=== Activity ===
Return exactly and only these lines: the first of the listing through the one containing "George Womens Multicoloured".

*** Opening of Records supplied ***

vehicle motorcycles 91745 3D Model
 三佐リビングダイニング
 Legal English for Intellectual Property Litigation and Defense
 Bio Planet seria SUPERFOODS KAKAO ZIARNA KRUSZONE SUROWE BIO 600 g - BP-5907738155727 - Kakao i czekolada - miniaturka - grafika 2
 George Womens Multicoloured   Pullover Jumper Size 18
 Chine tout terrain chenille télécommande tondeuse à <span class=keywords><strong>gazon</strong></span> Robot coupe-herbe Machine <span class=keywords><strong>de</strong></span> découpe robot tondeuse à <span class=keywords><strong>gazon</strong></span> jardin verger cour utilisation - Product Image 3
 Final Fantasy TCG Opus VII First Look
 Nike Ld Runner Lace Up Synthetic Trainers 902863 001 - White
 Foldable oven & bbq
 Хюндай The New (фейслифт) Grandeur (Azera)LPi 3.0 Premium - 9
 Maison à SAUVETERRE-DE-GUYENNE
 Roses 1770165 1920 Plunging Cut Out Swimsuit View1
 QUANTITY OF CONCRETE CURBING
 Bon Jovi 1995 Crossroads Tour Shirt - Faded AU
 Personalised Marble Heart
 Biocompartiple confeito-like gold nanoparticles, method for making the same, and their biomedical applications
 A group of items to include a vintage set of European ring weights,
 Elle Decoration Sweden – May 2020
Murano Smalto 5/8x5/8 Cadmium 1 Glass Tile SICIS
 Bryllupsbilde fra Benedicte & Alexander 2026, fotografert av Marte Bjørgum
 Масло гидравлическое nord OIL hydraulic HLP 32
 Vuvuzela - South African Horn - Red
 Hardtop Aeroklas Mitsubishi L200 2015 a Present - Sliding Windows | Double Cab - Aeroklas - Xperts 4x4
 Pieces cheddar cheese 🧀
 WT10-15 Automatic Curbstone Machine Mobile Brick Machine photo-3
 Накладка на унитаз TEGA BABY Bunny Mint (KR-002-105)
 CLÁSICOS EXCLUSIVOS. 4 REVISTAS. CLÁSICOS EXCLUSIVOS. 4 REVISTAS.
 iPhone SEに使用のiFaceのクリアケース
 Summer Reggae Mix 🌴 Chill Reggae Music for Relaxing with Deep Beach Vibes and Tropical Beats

*** Close of Records supplied ***

=== Output ===
vehicle motorcycles 91745 3D Model
 三佐リビングダイニング
 Legal English for Intellectual Property Litigation and Defense
 Bio Planet seria SUPERFOODS KAKAO ZIARNA KRUSZONE SUROWE BIO 600 g - BP-5907738155727 - Kakao i czekolada - miniaturka - grafika 2
 George Womens Multicoloured   Pullover Jumper Size 18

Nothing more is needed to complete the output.